Americans more tolerant of immorality than ever before, says new poll

(Reuters/Marvin Gentry)Supporters of same-sex marriage hold a rainbow flag and a rainbow umbrella outside Jefferson County Courthouse in Birmingham, Alabama February 9, 2015.

A new Gallup poll has found that Americans today are more tolerant of behaviors that were previously deemed unacceptable in society.

In its annual Values and Beliefs poll, Gallup has found that Americans today have the "most left-leaning" views regarding various social issues like same-sex relationships, sex between unmarried people and divorce.

"Americans continue to express an increasingly liberal outlook on what is morally acceptable, as their views on 10 of 19 moral issues that Gallup measures are the most left-leaning or permissive they have been to date," the researchers noted in the report, according to The Christian Post.

"No issues show meaningful change toward more traditionally conservative positions compared with when Gallup first measured them [in 2001]," the researchers continued.
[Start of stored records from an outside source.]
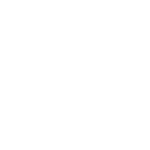 AKMERCAN GRUP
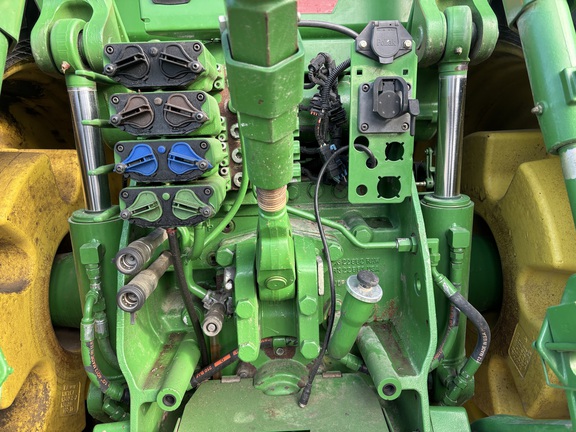 https://photos.machinefinder.com/76/11006976/76896035_large_94312.jpg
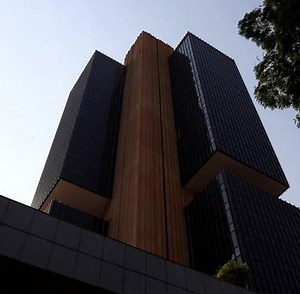 CMN simplifica sistema de pagamentos em moeda local com Argentina, Paraguai e Uruguai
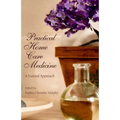 Practical Home Care Medicine: A Natural Approach - Paperback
The findings, which were released on Thursday, indicated that there is a record high in the support for birth control (91 percent), divorce (73 percent), same-sex relationships (63 percent), and pornography (36 percent). At the same time, there has been a record low in the support for the death penalty (58 percent) and medical testing on animals (51 percent).

The public is still divided on the issue of abortion, with 43 percent of Americans saying it is morally acceptable and 49 percent saying it is morally wrong.

There has been virtually no change in the public's perception of birth control. Between 89 and 91 percent have found it morally acceptable since Gallup first asked about it in 2012. Other issues that showed no change since it was first measured by Gallup are abortion, buying and wearing clothing made of animal fur, extramarital affairs, cloning animals and gambling.

The researchers also noted that Americans are also the least likely to believe that suicide, polygamy, human cloning, extramarital affairs are permissible. Fewer than one in five have stated that the said practices were morally acceptable.

Gallup further explained that the leftward shift in perceptions of what is morally acceptable has been an ongoing trend, with shifts occurring in 2014 and 2015.

The survey findings were based on telephone interviews conducted on May 3–7, 2017 with a random sample of 1,011 adults living in the U.S. Gallup first conducted the Values and Beliefs poll in 2001 with questions regarding 13 issues, with additional items added in subsequent years.

Meanwhile, a survey conducted by Lifeway Research has indicated that 81 percent of Americans are concerned about the decline or moral behavior in their country.

"We are shifting very fast from a world where right and wrong didn't change to a world where right and wrong are relative," Lifeway Research Executive Director Scott McConnell said.

"We are not all on the same page when it comes to morality. And we haven't reckoned with what that means," he added.